**What you are asked to do**:
Would you please repeat all of the data exactly, omitting the pictures?

**Exercise data**:
---

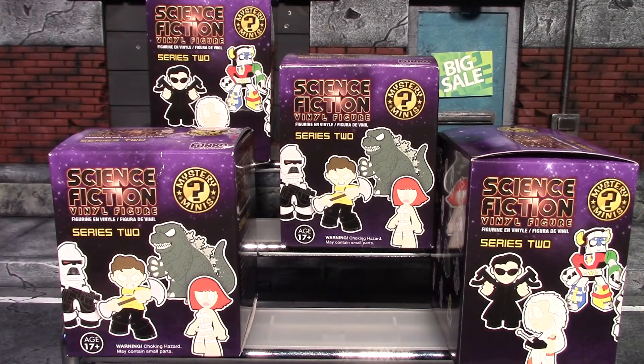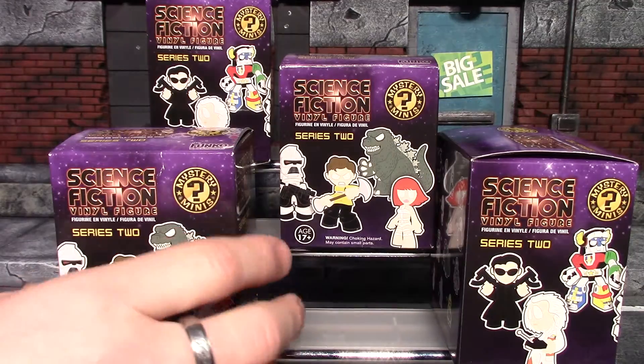Hey, what's up guys, it's me again back with some more Funko Mystery Minis — this is the Science Fiction Series 2 blind boxes. I did several of these when they first came out, but I was at GameStop today and noticed these were in the discount bin. They were just over two dollars, so I went ahead and picked up four more of these.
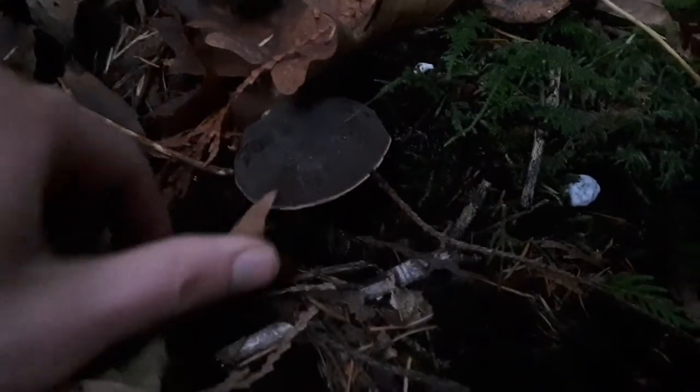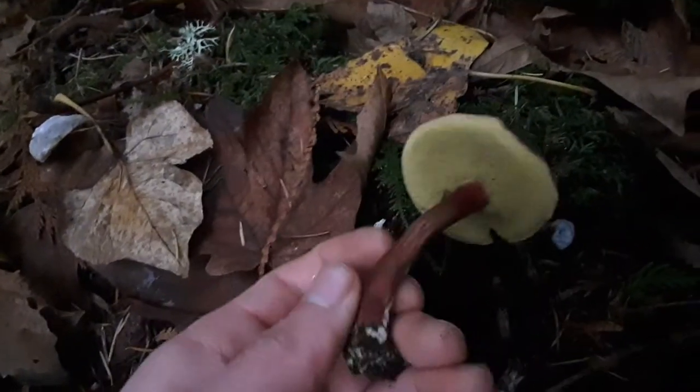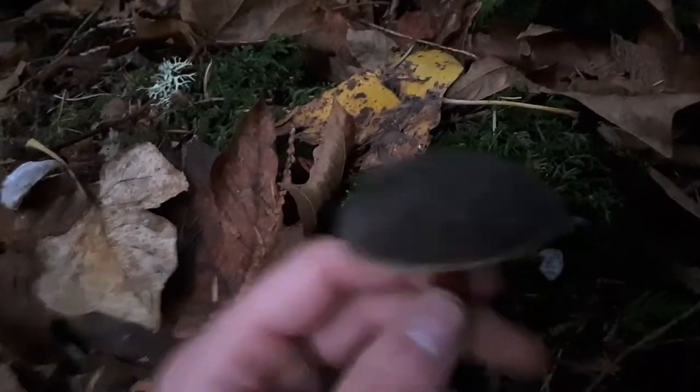We've got some kind of a bolete here. I think this is a Zeller's bolete. See, it's got this red stock, yellow pores, and this kind of velvety reddish, bluish, grayish cap.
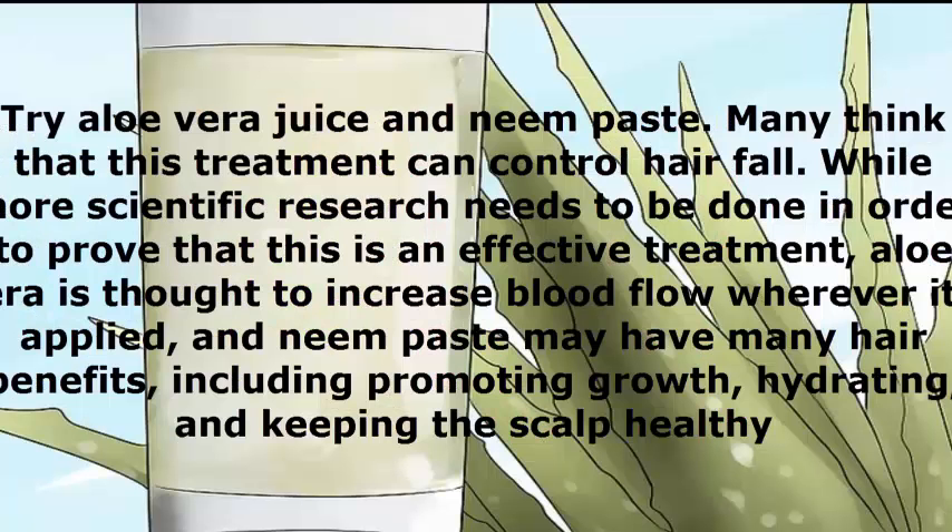Try aloe vera juice and neem paste. Many think that this treatment can control hair fall. While more scientific research needs to be done to prove it is an effective treatment, aloe vera is thought to increase blood flow wherever it's applied, and neem paste may have many hair benefits, including promoting growth, hydrating, and keeping the scalp healthy.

---

**Solved problem**:
Hey, what's up guys, it's me again back with some more Funko Mystery Minis — this is the Science Fiction Series 2 blind boxes. I did several of these when they first came out, but I was at GameStop today and noticed these were in the discount bin. They were just over two dollars, so I went ahead and picked up four more of these.
We've got some kind of a bolete here. I think this is a Zeller's bolete. See, it's got this red stock, yellow pores, and this kind of velvety reddish, bluish, grayish cap.
Try aloe vera juice and neem paste. Many think that this treatment can control hair fall. While more scientific research needs to be done to prove it is an effective treatment, aloe vera is thought to increase blood flow wherever it's applied, and neem paste may have many hair benefits, including promoting growth, hydrating, and keeping the scalp healthy.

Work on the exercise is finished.